Doctor of Philosophy (Ph.D.)

Degree Granting Department

Industrial and Management Systems Engineering

Major Professor

Ali Yalcin, Ph.D.

Committee Member

Carla VandeWeerd, Ph.D.

Committee Member

Mingyang Li, Ph.D.

Committee Member

Yu Zhang, Ph.D.

Committee Member

Lu Lu, Ph.D.

Keywords

Age in Place, Health Monitoring, Mobility, Predictability, Smart Homes

Abstract

The world’s population is rapidly aging and the increasing demand for home and health care services from this aging population brings unprecedented challenges to the economy and society. Ambient-assisted smart homes, residences equipped with ambient sensors to monitor the resident’s daily activities in a continuous and unobtrusive way, present great potential to manage the growing care service needs of this older population segment, and enable them to age-in-place.

Despite growing research, using ambient sensor data from private homes to monitor daily activities, health and wellness still faces significant challenges. To study ambient sensor data from private homes where annotated data is unavailable and sensor layouts are variable, we proposed a novel two-phase location and status estimation algorithm to monitor health and wellness related metrics from ambient sensor data. The proposed algorithm is highly accurate as validated by a mobile app that prompts participants with questions about the estimated time of their daily activities. The outputs of this algorithm facilitate the visualization and examination of older adults’ daily patterns and activities, and through case studies, we show that it has the potential to be used with a wide range of ambient sensor networks with any mix of motion sensor types.

We also studied human mobility in private homes. Understanding human mobility is fundamental and critical for the design of context-aware assistive services in smart homes. We represent the resident’s movement trajectory based on ambient motion sensor data and use the entropy rate to quantify the regularity of the resident’s mobility patterns to estimate an upper bound of predictability. A change point detection algorithm based on penalized contrast function is used to identify the time periods when the data does not completely reflect the resident’s activities due to the presence of visitors and sensors system faults.
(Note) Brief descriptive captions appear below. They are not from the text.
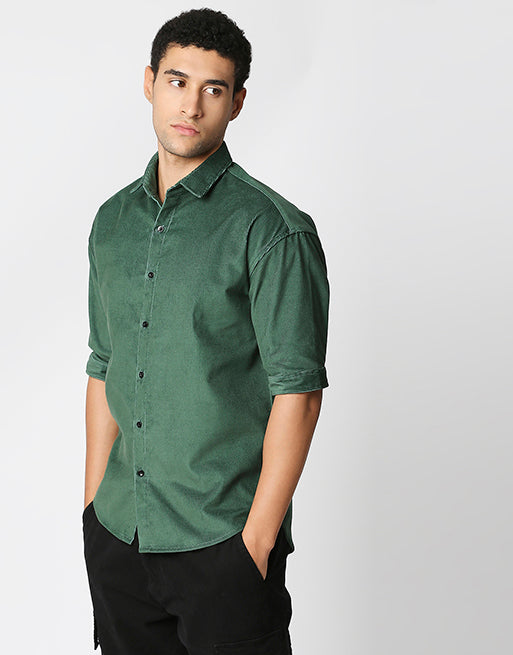 Hemsters Olive Green Half Sleeve Relaxed Shirt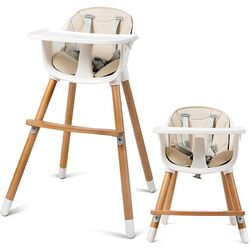 Стульчик для кормления Costway BB5459 (Cream/Natural) Thumb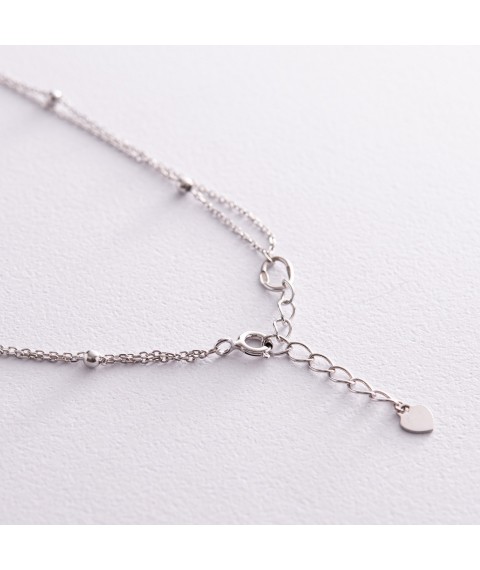 Double silver necklace "Heart and balls" 908-01239 Onix 38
Experimental results using data collected from 10 private homes over periods of 178 to 713 days show that human mobility at home is not completely random but regular and highly predictable independent of variations in floor plans and individual daily routines, which is consistent with the conclusions about human mobility in outdoor environments.

Finally, we summarize and analyze records in maintenance logs and bi-weekly assessments about changes and disruptions in ambient sensor data collected from private homes, and suggest potential research directions for the design of stable and reliable health and wellness monitoring systems using ambient sensor systems.